▸ **Brief**:
When you reach the line with "SlimFold MICRO Minimalist" in the listing below, transcribe it and each line after it up to and including the line with "Pulsera Piel Negra", exactly and with nothing else.

▸ **Listed records**:
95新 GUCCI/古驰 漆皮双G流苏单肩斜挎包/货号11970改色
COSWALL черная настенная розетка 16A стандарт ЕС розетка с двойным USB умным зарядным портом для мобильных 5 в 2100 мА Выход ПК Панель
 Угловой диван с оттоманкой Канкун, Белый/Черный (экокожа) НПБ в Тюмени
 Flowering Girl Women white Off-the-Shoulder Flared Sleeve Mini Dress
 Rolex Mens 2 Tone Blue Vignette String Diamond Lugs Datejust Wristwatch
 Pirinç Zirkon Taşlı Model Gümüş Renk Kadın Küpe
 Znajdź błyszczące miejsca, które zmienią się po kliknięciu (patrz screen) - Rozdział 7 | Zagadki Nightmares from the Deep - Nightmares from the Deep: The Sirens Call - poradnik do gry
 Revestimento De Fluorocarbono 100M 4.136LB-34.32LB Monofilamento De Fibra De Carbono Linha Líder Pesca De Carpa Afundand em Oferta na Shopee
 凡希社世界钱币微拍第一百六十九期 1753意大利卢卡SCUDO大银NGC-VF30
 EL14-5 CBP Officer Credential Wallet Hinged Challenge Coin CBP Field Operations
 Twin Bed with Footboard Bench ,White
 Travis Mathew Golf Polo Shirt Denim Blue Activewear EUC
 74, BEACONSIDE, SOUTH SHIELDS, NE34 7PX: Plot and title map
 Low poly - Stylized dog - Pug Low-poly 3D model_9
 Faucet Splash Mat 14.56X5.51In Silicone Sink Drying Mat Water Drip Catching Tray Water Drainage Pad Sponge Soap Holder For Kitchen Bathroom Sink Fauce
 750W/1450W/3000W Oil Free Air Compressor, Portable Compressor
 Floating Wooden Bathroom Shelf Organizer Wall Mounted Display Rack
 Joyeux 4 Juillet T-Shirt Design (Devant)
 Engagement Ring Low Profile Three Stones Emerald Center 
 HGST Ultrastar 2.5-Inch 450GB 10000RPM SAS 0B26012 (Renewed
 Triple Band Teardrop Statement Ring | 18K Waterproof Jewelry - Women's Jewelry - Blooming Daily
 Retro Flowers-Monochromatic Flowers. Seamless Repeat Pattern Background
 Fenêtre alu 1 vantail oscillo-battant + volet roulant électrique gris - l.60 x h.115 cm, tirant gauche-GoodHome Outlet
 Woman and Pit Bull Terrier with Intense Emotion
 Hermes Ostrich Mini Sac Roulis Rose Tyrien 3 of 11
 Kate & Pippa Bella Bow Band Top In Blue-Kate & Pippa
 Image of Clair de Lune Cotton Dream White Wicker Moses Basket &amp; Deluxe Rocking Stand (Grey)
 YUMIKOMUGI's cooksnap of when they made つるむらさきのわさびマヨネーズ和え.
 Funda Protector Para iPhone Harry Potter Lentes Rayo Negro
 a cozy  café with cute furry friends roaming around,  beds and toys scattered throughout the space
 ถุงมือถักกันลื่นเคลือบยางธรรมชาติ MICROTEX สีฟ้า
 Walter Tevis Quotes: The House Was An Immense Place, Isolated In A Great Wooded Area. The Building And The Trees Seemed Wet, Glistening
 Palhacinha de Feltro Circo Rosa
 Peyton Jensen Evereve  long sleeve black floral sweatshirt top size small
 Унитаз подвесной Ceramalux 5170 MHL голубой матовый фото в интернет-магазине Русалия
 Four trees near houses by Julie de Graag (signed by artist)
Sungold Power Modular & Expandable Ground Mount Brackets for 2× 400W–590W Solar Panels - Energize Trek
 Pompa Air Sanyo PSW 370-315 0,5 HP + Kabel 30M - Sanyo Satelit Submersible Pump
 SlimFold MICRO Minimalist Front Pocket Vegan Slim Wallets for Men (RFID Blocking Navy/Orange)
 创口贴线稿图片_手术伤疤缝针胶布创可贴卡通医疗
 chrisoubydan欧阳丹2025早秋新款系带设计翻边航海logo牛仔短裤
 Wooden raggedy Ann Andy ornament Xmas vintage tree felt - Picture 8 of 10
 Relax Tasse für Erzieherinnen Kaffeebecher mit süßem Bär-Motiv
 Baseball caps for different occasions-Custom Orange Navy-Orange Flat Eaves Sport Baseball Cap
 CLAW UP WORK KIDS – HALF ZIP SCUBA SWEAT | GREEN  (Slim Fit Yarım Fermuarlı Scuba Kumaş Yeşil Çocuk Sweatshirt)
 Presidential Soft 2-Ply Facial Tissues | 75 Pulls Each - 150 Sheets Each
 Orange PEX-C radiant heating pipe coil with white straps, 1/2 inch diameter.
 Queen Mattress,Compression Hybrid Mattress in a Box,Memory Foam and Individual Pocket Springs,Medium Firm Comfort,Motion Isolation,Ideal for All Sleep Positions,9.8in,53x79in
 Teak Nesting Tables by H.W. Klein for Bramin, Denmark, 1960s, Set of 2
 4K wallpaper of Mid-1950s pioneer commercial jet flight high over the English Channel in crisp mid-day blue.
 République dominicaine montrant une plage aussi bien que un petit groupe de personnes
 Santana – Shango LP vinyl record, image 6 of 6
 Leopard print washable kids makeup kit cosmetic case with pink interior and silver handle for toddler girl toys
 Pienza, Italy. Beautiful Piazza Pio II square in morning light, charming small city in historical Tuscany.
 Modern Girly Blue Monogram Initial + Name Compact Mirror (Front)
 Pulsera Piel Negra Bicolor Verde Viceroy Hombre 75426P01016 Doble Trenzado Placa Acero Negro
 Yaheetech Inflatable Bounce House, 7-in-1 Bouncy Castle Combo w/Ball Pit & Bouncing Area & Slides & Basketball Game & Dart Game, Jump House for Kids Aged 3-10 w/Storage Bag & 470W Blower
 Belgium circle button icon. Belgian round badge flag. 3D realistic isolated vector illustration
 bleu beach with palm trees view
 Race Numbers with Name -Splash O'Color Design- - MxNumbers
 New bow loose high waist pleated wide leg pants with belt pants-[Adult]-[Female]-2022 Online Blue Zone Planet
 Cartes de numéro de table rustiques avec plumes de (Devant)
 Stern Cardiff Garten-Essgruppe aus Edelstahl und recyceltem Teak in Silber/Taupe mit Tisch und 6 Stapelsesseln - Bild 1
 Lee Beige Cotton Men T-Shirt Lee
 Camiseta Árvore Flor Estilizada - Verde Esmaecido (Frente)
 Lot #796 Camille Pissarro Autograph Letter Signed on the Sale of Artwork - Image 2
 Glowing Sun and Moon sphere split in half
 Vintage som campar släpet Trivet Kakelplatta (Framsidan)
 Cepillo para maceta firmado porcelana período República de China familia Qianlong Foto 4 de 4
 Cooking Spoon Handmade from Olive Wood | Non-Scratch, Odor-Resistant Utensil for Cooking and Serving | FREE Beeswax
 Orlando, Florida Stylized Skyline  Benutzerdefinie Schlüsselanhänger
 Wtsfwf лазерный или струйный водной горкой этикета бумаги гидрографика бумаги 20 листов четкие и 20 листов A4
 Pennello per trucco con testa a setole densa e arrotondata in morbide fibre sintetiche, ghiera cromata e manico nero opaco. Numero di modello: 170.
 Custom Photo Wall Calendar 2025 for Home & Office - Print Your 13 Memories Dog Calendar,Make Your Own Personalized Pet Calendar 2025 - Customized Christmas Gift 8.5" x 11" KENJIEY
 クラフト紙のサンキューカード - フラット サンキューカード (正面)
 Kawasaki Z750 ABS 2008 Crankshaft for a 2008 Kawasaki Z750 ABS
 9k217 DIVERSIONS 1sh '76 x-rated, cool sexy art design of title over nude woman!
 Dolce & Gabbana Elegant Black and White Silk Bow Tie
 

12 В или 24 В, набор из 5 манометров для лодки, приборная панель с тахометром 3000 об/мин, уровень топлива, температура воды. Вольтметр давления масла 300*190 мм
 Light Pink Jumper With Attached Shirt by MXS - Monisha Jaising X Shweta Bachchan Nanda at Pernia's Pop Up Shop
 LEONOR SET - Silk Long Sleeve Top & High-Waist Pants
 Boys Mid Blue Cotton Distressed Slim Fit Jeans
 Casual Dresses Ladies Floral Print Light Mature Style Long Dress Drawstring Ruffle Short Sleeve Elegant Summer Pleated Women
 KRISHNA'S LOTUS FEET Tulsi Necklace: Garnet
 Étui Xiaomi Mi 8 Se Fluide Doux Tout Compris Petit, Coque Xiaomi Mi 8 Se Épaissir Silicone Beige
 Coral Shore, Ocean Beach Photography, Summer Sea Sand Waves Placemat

▸ **Response to the exercise**:
 SlimFold MICRO Minimalist Front Pocket Vegan Slim Wallets for Men (RFID Blocking Navy/Orange)
 创口贴线稿图片_手术伤疤缝针胶布创可贴卡通医疗
 chrisoubydan欧阳丹2025早秋新款系带设计翻边航海logo牛仔短裤
 Wooden raggedy Ann Andy ornament Xmas vintage tree felt - Picture 8 of 10
 Relax Tasse für Erzieherinnen Kaffeebecher mit süßem Bär-Motiv
 Baseball caps for different occasions-Custom Orange Navy-Orange Flat Eaves Sport Baseball Cap
 CLAW UP WORK KIDS – HALF ZIP SCUBA SWEAT | GREEN  (Slim Fit Yarım Fermuarlı Scuba Kumaş Yeşil Çocuk Sweatshirt)
 Presidential Soft 2-Ply Facial Tissues | 75 Pulls Each - 150 Sheets Each
 Orange PEX-C radiant heating pipe coil with white straps, 1/2 inch diameter.
 Queen Mattress,Compression Hybrid Mattress in a Box,Memory Foam and Individual Pocket Springs,Medium Firm Comfort,Motion Isolation,Ideal for All Sleep Positions,9.8in,53x79in
 Teak Nesting Tables by H.W. Klein for Bramin, Denmark, 1960s, Set of 2
 4K wallpaper of Mid-1950s pioneer commercial jet flight high over the English Channel in crisp mid-day blue.
 République dominicaine montrant une plage aussi bien que un petit groupe de personnes
 Santana – Shango LP vinyl record, image 6 of 6
 Leopard print washable kids makeup kit cosmetic case with pink interior and silver handle for toddler girl toys
 Pienza, Italy. Beautiful Piazza Pio II square in morning light, charming small city in historical Tuscany.
 Modern Girly Blue Monogram Initial + Name Compact Mirror (Front)
 Pulsera Piel Negra Bicolor Verde Viceroy Hombre 75426P01016 Doble Trenzado Placa Acero Negro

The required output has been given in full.